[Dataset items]
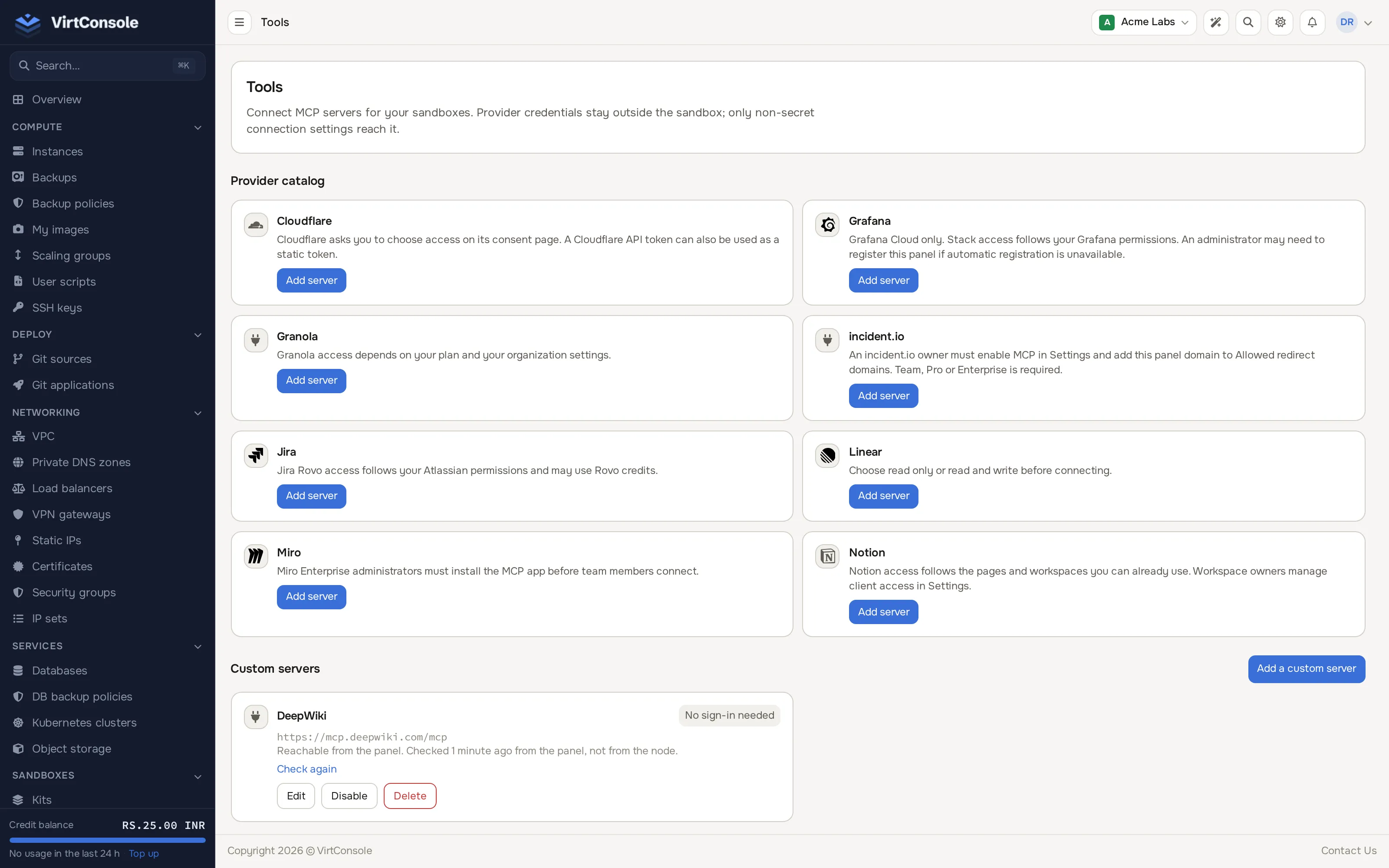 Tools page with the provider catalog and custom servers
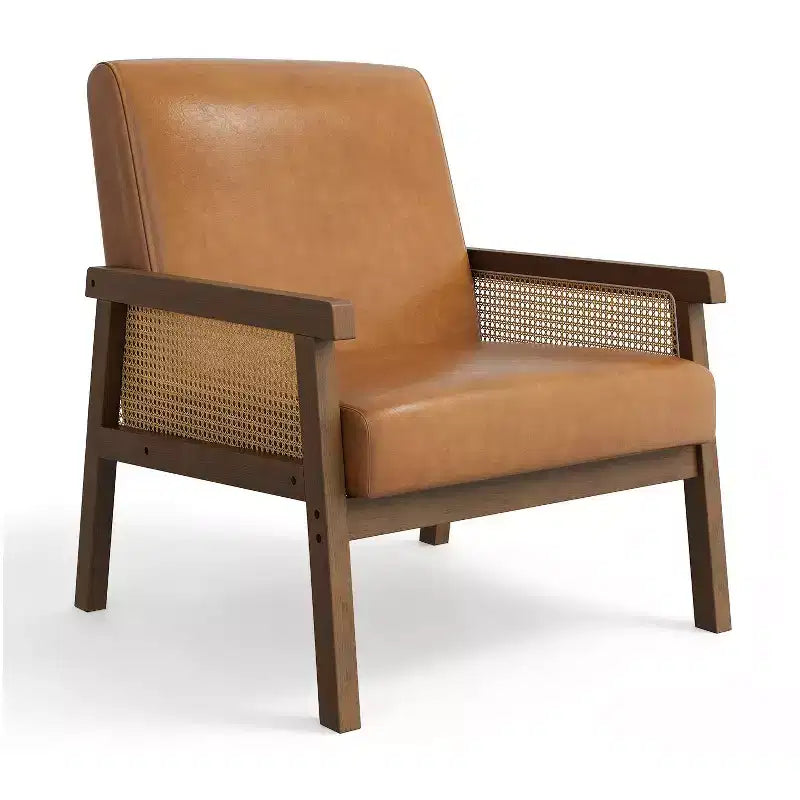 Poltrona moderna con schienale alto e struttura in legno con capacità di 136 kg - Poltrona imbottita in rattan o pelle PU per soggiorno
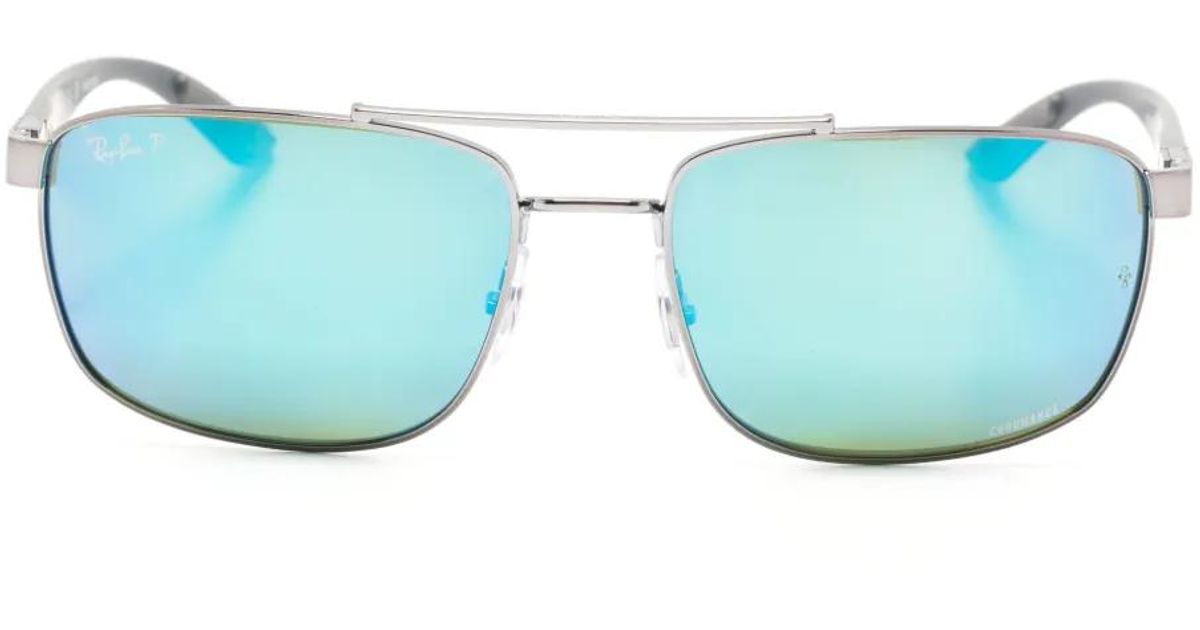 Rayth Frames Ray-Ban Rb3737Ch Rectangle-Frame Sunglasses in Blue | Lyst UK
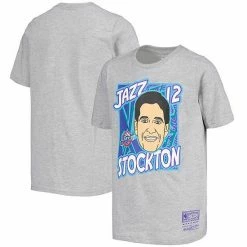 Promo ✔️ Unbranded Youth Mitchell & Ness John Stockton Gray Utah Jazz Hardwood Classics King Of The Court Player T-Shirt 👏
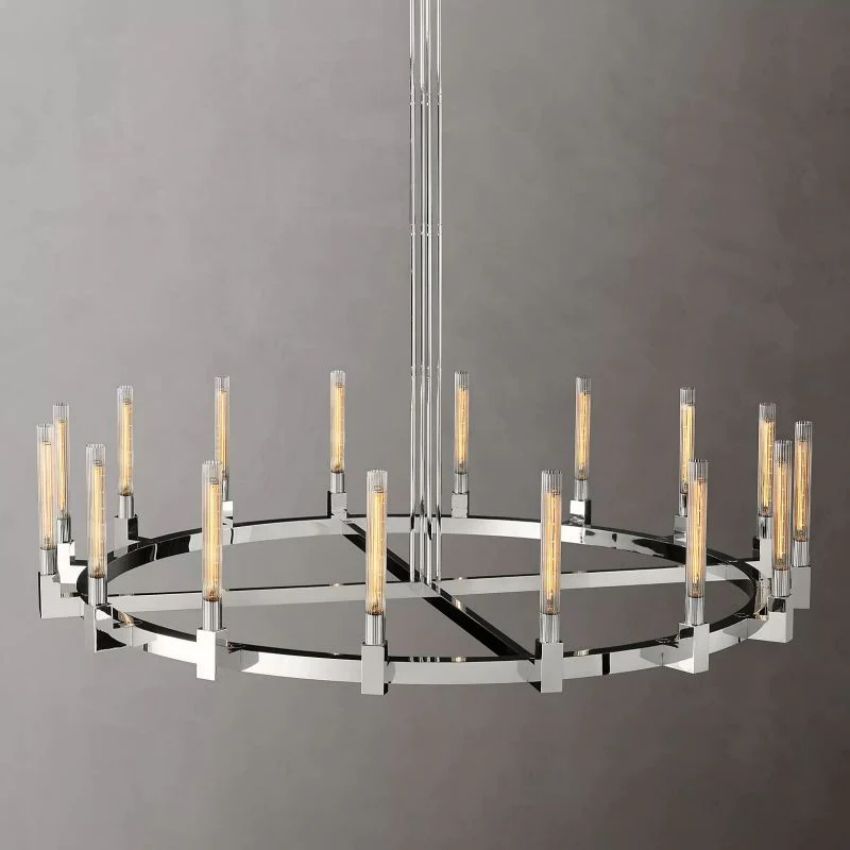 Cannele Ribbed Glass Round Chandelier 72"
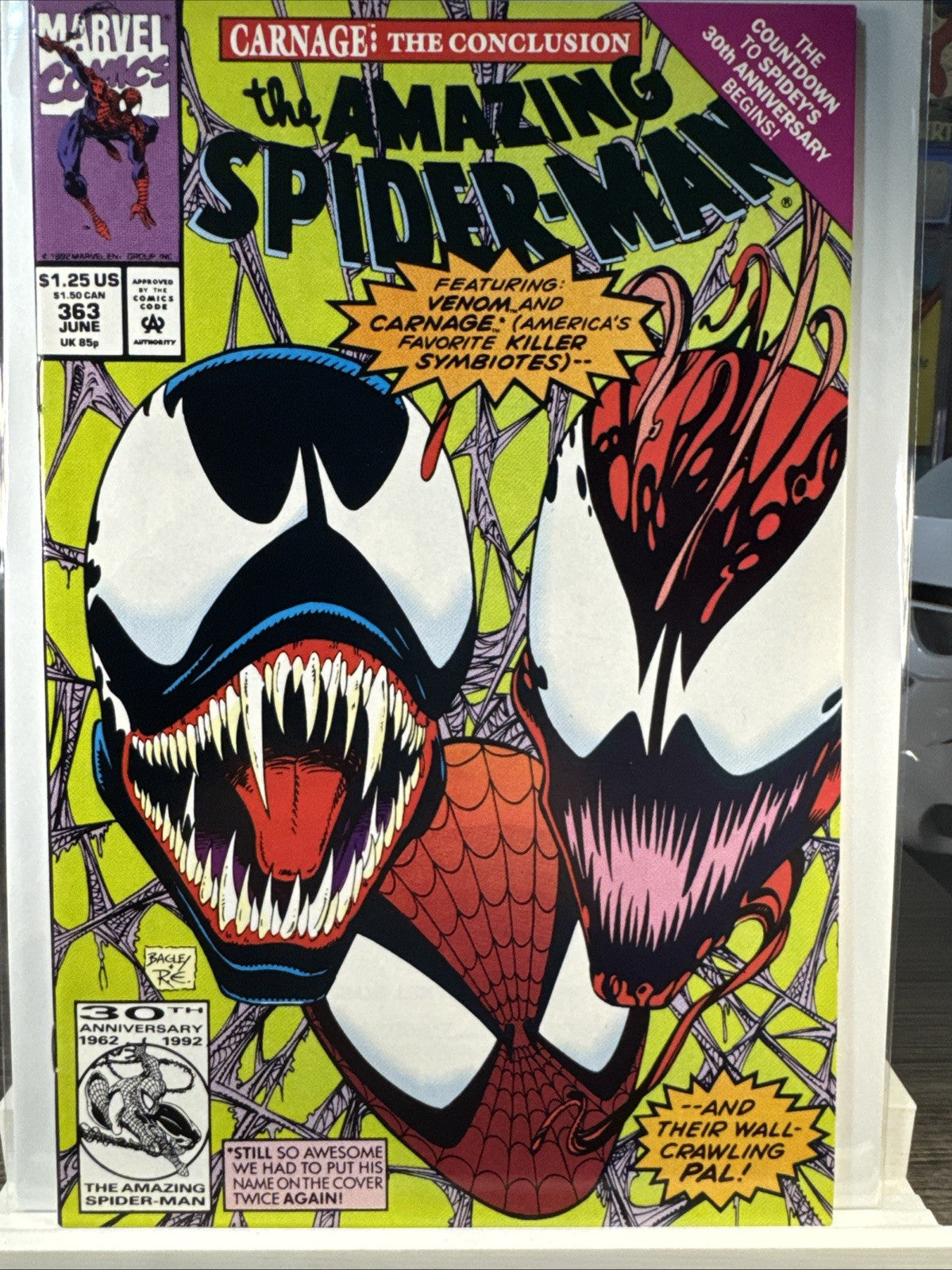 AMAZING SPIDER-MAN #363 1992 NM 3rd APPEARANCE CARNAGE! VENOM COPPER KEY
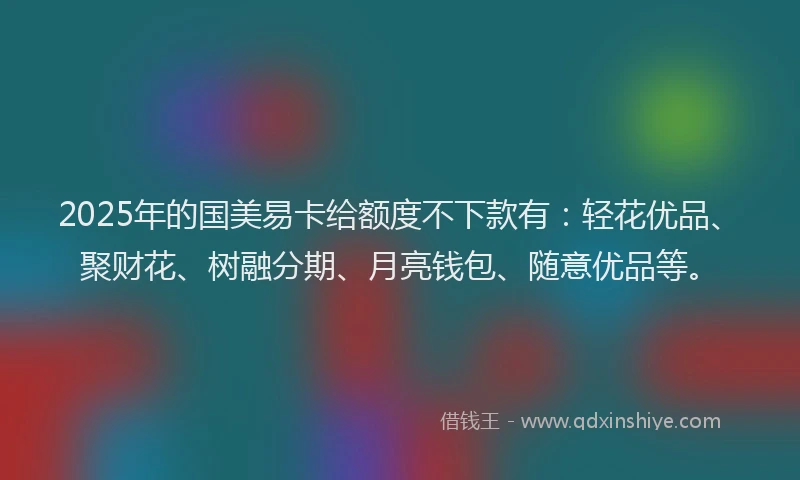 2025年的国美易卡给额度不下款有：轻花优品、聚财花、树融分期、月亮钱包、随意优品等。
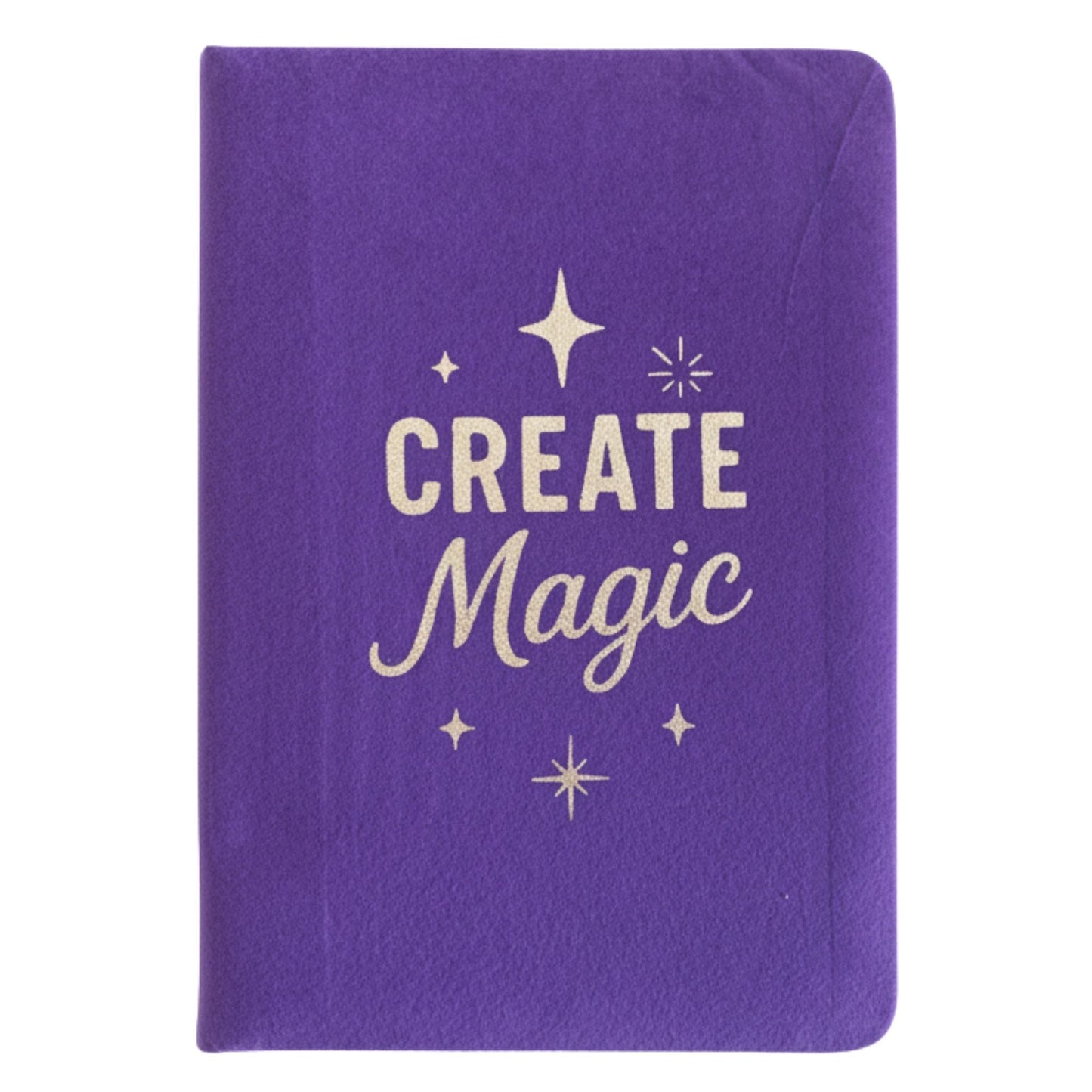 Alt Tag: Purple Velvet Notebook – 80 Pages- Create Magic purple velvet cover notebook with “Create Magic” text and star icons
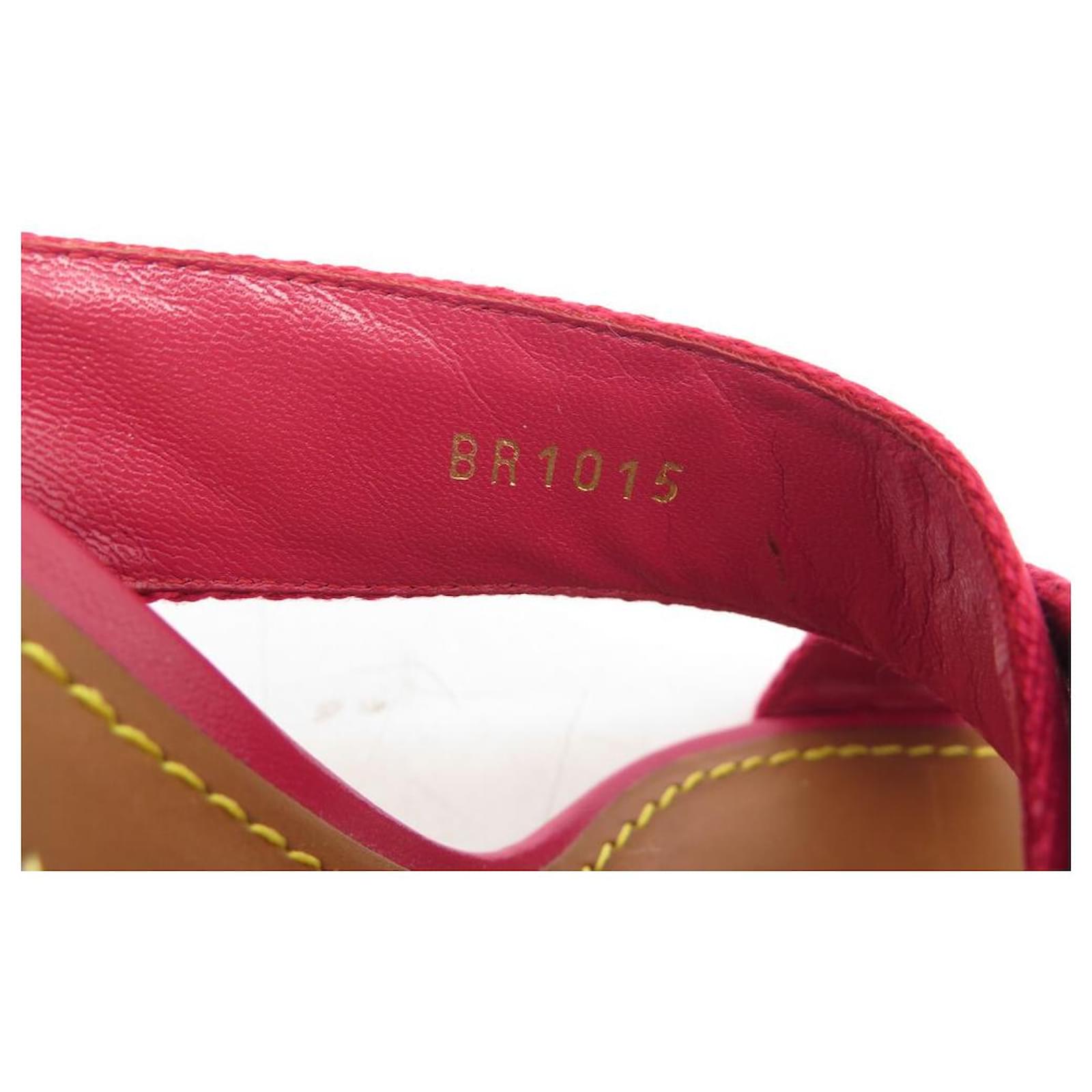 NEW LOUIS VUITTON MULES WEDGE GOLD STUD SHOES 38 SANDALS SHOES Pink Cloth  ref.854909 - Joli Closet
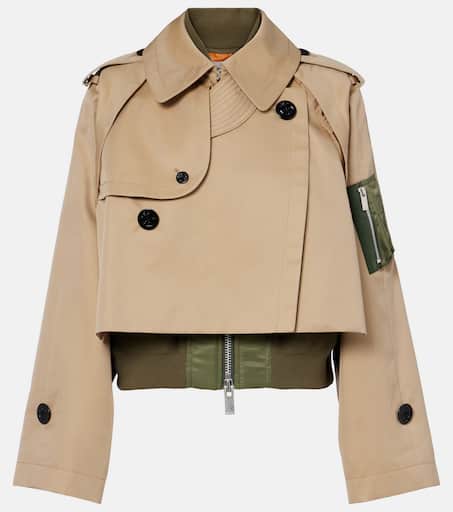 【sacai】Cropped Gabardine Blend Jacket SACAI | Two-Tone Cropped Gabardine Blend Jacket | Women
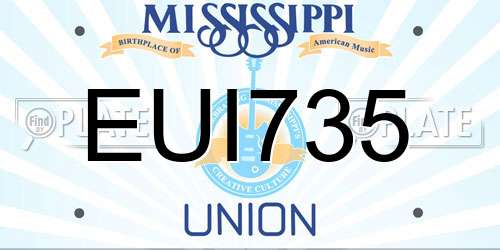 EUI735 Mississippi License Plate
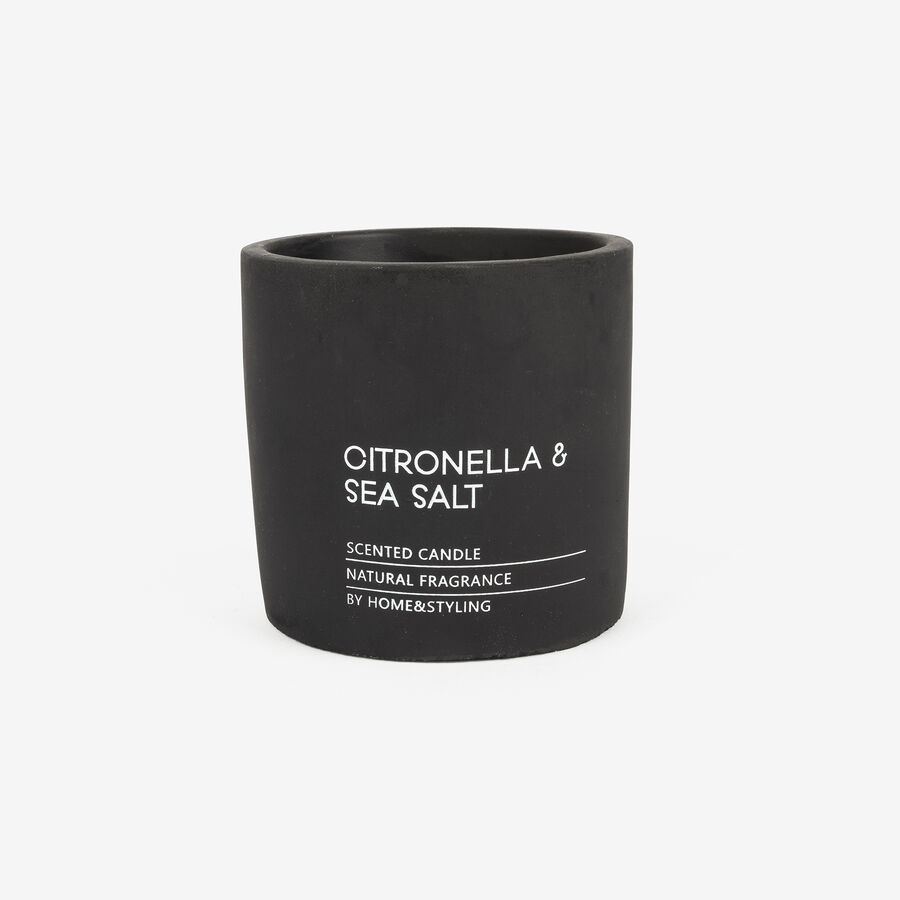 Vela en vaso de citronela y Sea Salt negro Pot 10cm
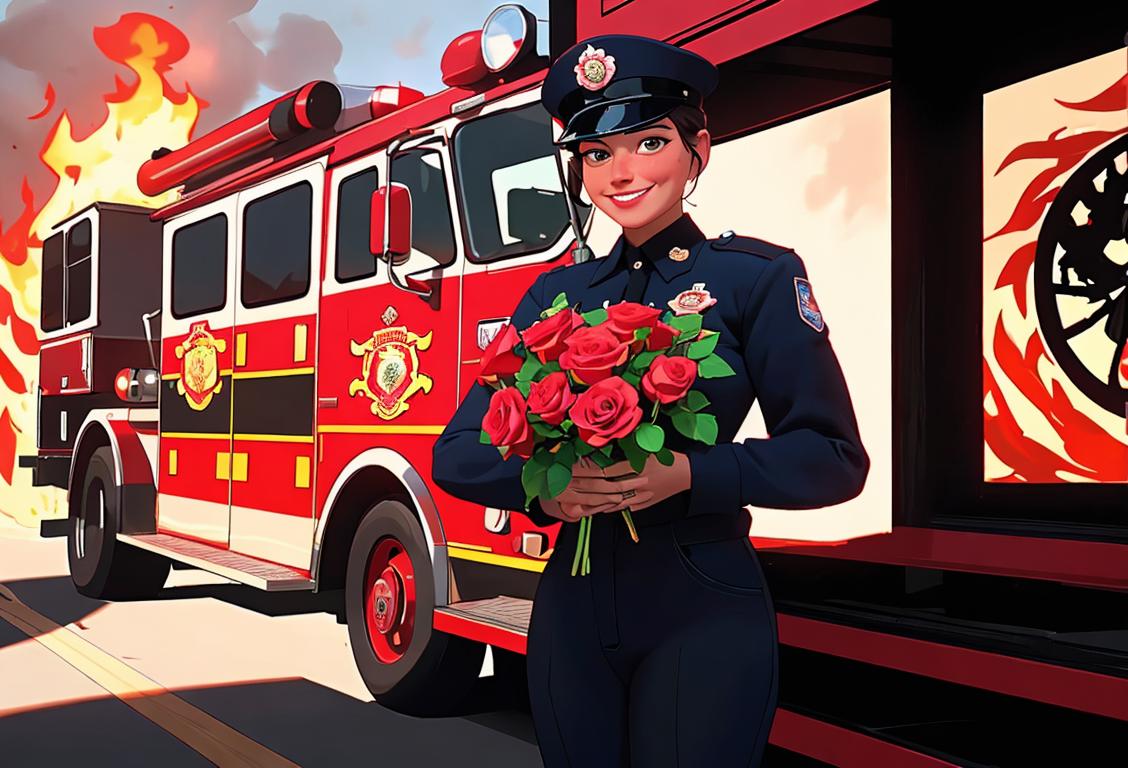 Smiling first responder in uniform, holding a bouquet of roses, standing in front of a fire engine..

> _WHAT YOU WILL DO_:
The copy should hold only the lines from the one with "Alt Tag: Purple" through the one with "Jacket | Women", exactly as they stand above. Leave out the pictures.

> _RESPONSE BELOW_:
 Alt Tag: Purple Velvet Notebook – 80 Pages- Create Magic purple velvet cover notebook with “Create Magic” text and star icons
 NEW LOUIS VUITTON MULES WEDGE GOLD STUD SHOES 38 SANDALS SHOES Pink Cloth  ref.854909 - Joli Closet
 【sacai】Cropped Gabardine Blend Jacket SACAI | Two-Tone Cropped Gabardine Blend Jacket | Women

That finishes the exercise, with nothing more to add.